EXERCISE DESCRIPTION
Print the line containing "LONG BIÊN 6" and each line after it through the end of the material below, exactly as it appears, but skip the pictures.

DATASET EXCERPT
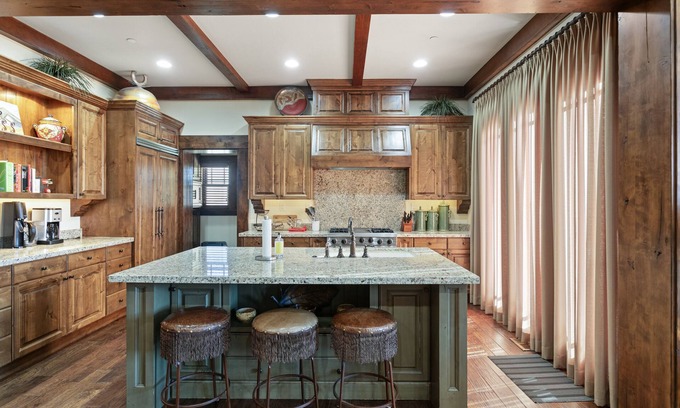 Tuhaye Maison | Pet friendly home in Tuhaye, luxury home office, private hot tub, fire table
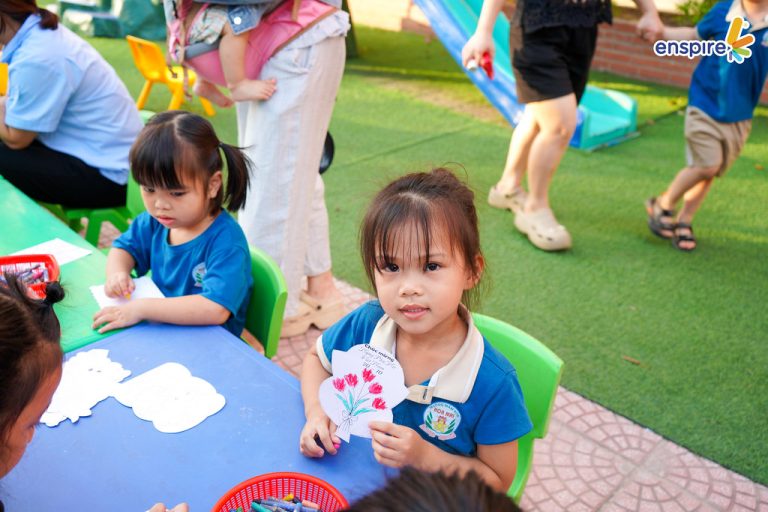 🎉 NGÀY HỘI TIẾNG ANH “KHÁM PHÁ ENSPIRE’S LAND” – HÀNH TRÌNH HỌC VUI BÙNG NỔ TẠI MẦM NON HOA MAI PHƯỜNG LONG BIÊN 6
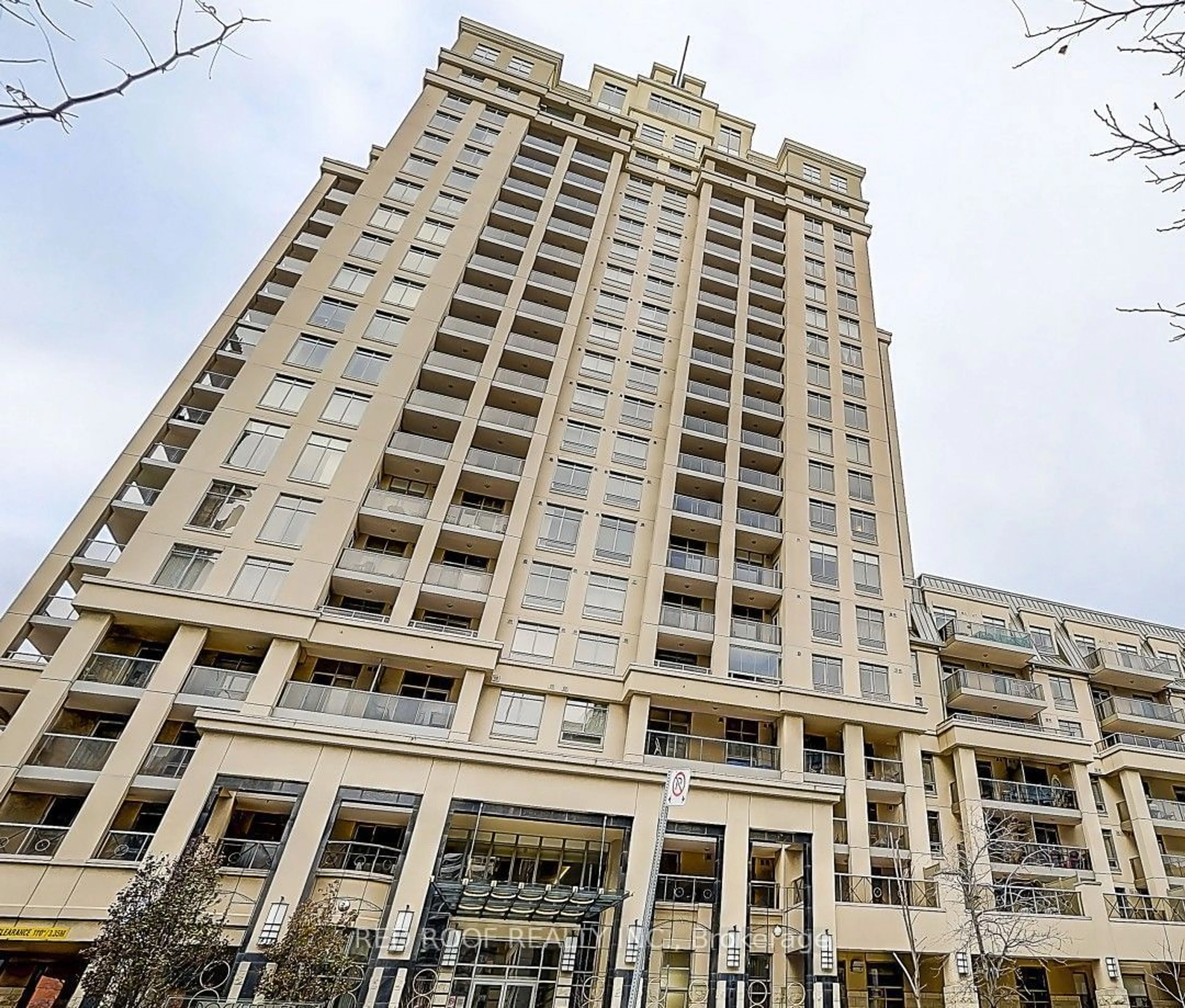 Indoor foyer for 18 Kenaston Gdns #1101, Toronto Ontario M2K 1G8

EXERCISE OUTPUT
 🎉 NGÀY HỘI TIẾNG ANH “KHÁM PHÁ ENSPIRE’S LAND” – HÀNH TRÌNH HỌC VUI BÙNG NỔ TẠI MẦM NON HOA MAI PHƯỜNG LONG BIÊN 6
 Indoor foyer for 18 Kenaston Gdns #1101, Toronto Ontario M2K 1G8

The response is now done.